:: Entries supplied ::
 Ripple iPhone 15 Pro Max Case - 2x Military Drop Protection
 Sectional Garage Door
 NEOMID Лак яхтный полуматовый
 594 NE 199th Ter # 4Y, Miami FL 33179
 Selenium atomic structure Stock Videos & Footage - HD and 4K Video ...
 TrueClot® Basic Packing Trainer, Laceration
:::
:: Entries supplied ::
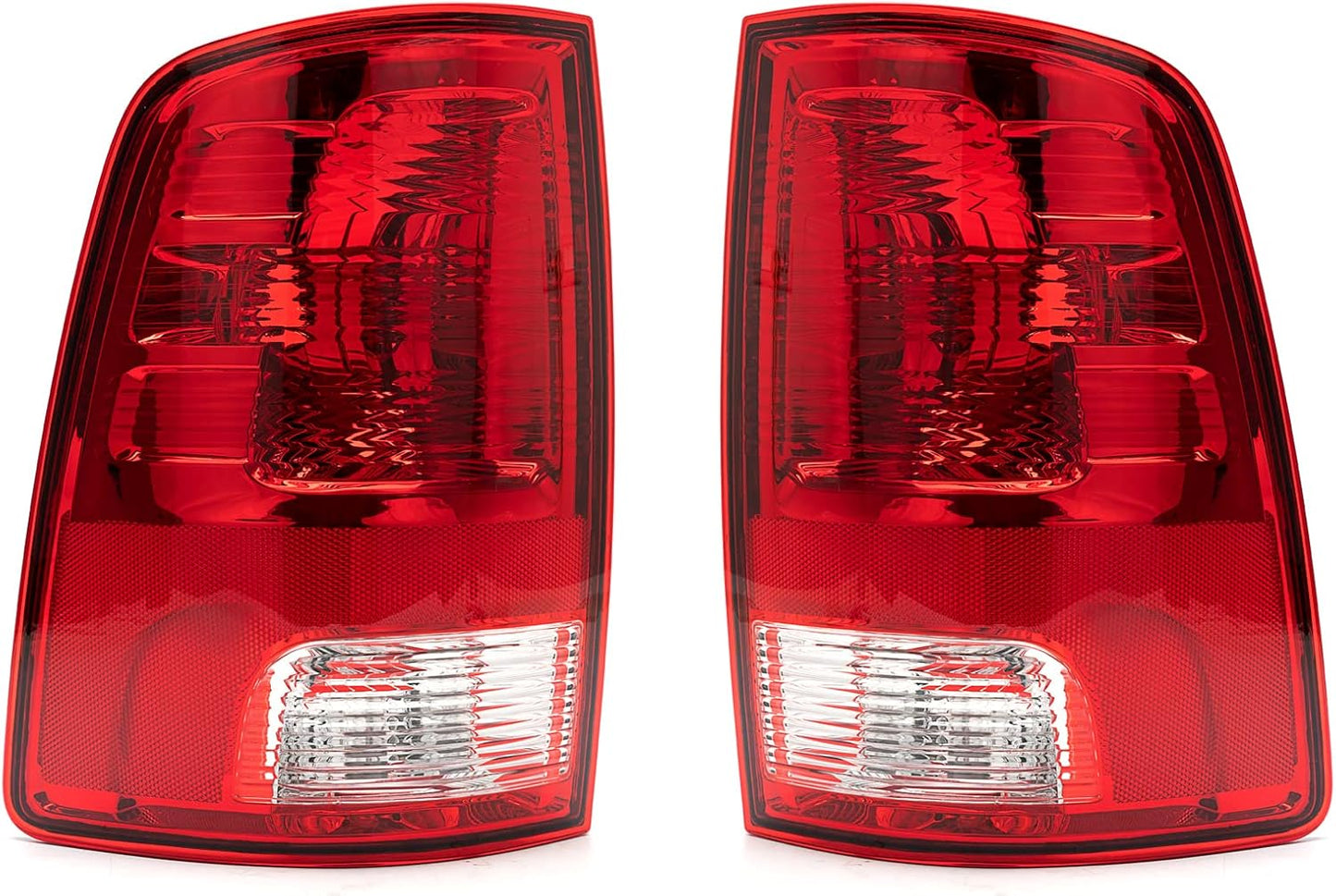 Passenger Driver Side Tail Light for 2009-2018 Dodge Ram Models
:::
:: Entries supplied ::
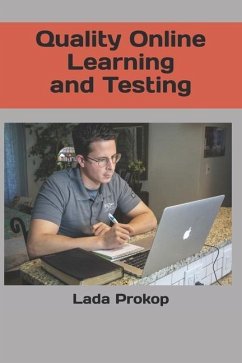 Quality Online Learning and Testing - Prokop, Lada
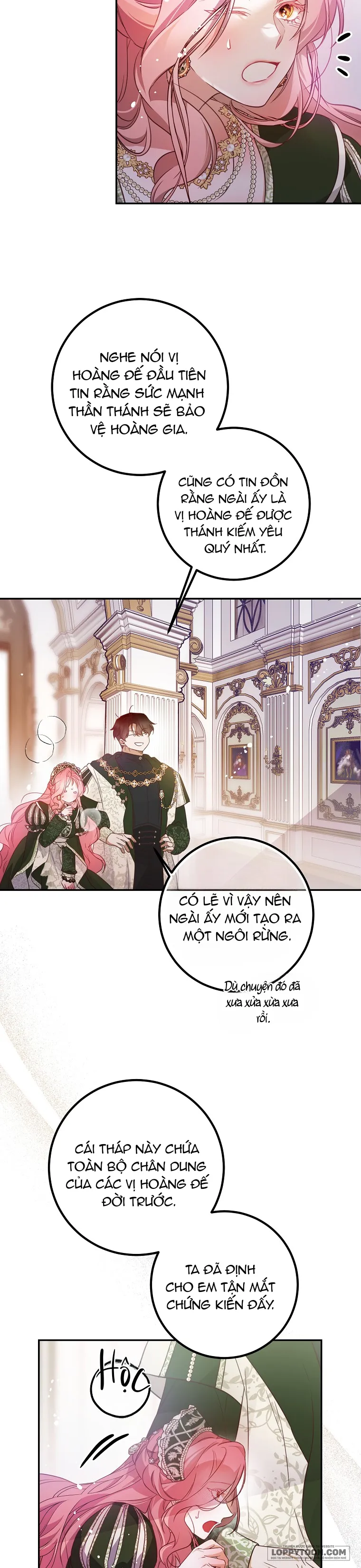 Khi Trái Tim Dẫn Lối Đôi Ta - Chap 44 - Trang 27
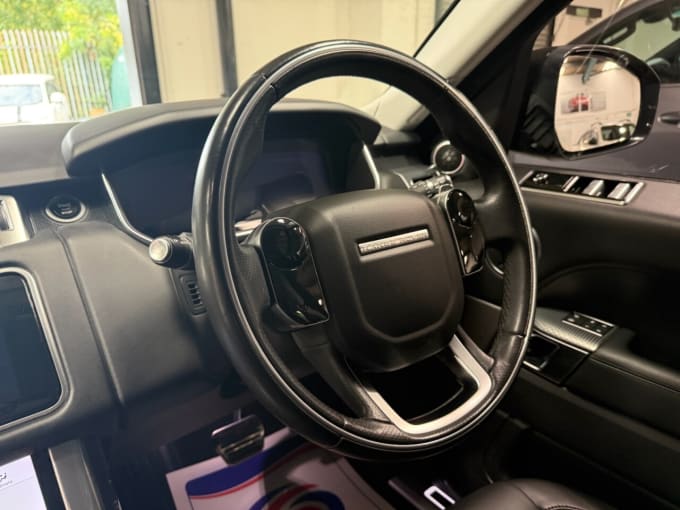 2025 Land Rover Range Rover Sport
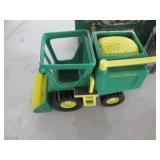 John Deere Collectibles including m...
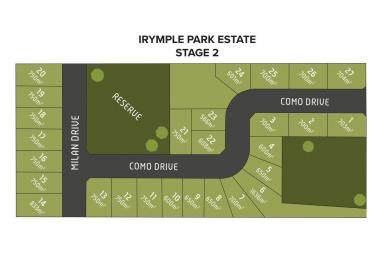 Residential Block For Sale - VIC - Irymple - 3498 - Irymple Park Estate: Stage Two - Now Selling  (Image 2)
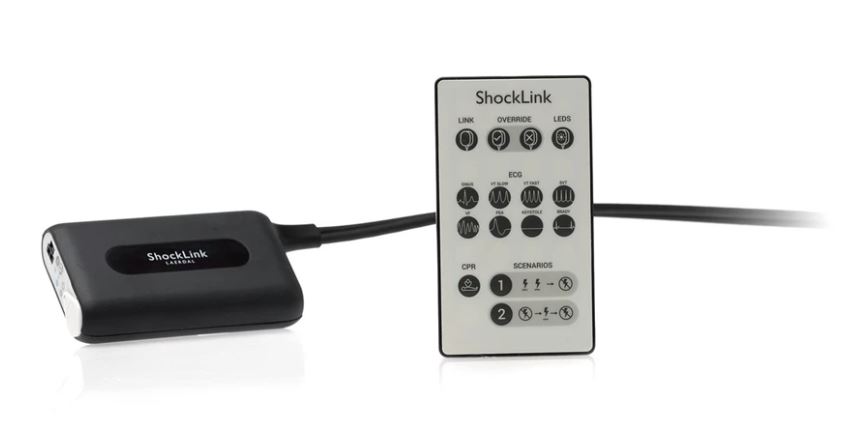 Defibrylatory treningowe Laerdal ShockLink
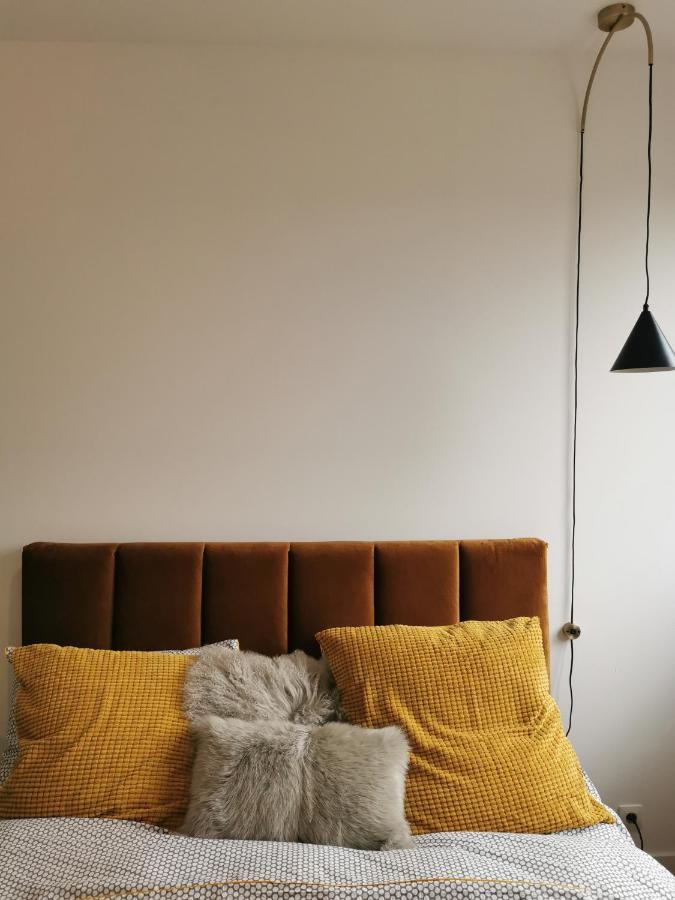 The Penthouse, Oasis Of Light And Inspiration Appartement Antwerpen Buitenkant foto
:::
## What to work on
The result should be an exact copy of only the lines above from the one that holds "2025 Land Rover Range Rover Sport" through the one that holds "The Penthouse, Oasis", both ends included, without pictures.

## Task answer
 2025 Land Rover Range Rover Sport
 John Deere Collectibles including m...
 Residential Block For Sale - VIC - Irymple - 3498 - Irymple Park Estate: Stage Two - Now Selling  (Image 2)
 Defibrylatory treningowe Laerdal ShockLink
 The Penthouse, Oasis Of Light And Inspiration Appartement Antwerpen Buitenkant foto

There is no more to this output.